Serges Ndayiragije, ministre de la Bonne gouvernance et de la Privatisation de l’époque, a révélé qu’à un certain moment, les banques commerciales se sont retrouvées dans l’impossibilité d’accorder des crédits aux sociétés paraétatiques ou privées œuvrant dans le secteur du café alors que ces dernières avaient déjà pris des engagements envers les caféiculteurs.
La vie des caféiculteurs devient intenable. C’est la désolation totale. La situation est au bord de l’implosion. « Seuls les commerçants s’enrichissent tandis que nous, les producteurs, tirons le diable par la queue », s’exclame un producteur de Kayanza.
Frustrés, les caféiculteurs se désintéressent de cette culture. La production dégringole. « On s’attendait au moins à une production de 17 000 tonnes. Mais, c’est à peine qu’on aura la moitié », a souligné Joseph Ntirabampa. La confiance entre les caféiculteurs et les Sogestals s’étiole. La production est vendue frauduleusement au Rwanda voisin. « Des policiers sont toujours à nos trousses. Qu’on nous laisse chercher d’autres marchés, sinon nous remplacerons le café par d’autres cultures. » confie un habitant de Bandaga en commune Matongo de la province de Kayanza.
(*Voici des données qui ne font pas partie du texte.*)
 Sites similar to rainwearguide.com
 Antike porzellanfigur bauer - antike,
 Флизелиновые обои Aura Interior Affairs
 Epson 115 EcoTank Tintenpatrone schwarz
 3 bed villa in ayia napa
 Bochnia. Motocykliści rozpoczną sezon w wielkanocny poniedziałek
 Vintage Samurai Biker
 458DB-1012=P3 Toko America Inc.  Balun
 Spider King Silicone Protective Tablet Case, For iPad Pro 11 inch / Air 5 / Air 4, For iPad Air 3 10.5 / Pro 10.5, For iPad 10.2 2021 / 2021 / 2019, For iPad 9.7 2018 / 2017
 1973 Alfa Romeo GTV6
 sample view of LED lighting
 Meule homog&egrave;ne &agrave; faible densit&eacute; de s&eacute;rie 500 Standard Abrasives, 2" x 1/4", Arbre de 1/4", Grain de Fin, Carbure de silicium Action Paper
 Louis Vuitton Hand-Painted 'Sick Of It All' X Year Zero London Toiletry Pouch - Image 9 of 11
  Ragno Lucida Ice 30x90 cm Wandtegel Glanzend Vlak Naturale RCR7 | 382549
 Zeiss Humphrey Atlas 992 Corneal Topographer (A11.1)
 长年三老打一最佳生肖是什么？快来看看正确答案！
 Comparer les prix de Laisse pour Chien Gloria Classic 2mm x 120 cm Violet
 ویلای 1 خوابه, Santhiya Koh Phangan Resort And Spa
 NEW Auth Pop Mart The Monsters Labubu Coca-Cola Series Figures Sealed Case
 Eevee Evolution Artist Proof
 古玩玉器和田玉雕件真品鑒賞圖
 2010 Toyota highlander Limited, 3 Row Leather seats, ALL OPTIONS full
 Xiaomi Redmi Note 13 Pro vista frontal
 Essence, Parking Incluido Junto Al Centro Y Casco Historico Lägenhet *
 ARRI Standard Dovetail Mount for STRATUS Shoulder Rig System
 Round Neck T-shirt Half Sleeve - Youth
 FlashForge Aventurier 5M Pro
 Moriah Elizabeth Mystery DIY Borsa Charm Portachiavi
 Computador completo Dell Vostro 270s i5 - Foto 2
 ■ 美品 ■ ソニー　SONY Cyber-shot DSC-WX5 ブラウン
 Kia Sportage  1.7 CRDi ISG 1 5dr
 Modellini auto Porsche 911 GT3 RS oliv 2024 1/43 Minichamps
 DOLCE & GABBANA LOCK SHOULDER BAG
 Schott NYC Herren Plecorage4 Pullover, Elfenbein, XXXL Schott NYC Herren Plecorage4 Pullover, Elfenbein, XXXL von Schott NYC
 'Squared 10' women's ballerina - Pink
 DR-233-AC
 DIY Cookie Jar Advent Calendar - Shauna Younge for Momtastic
Le gouvernement se débat. Il accepte d’avaliser les commerçants auprès des banques commerciales afin qu’ils payent toutes les dettes dues aux caféiculteurs. C’est un ouf de soulagement.
La Banque mondiale vient à la rescousse à son tour. Il promet au gouvernement un don de 55 millions de dollars destinés à redynamiser la filière café. Les caféiculteurs s’en réjouissent. « Ce don sera utilisé exclusivement dans ce secteur café pour l’intérêt de la population », a promis Déo Guide Rurema, ministre de l’Agriculture et de l’Elevage. Selon lui, c’est un travail qui sera fait en synergie avec les associations, les coopératives des caféiculteurs, etc. Et il avertit que « tout détracteur ou saboteur sera sanctionné et mis à l’écart. »
Malgré toutes ces initiatives, les problèmes et les réclamations n’ont pas cessé pour autant.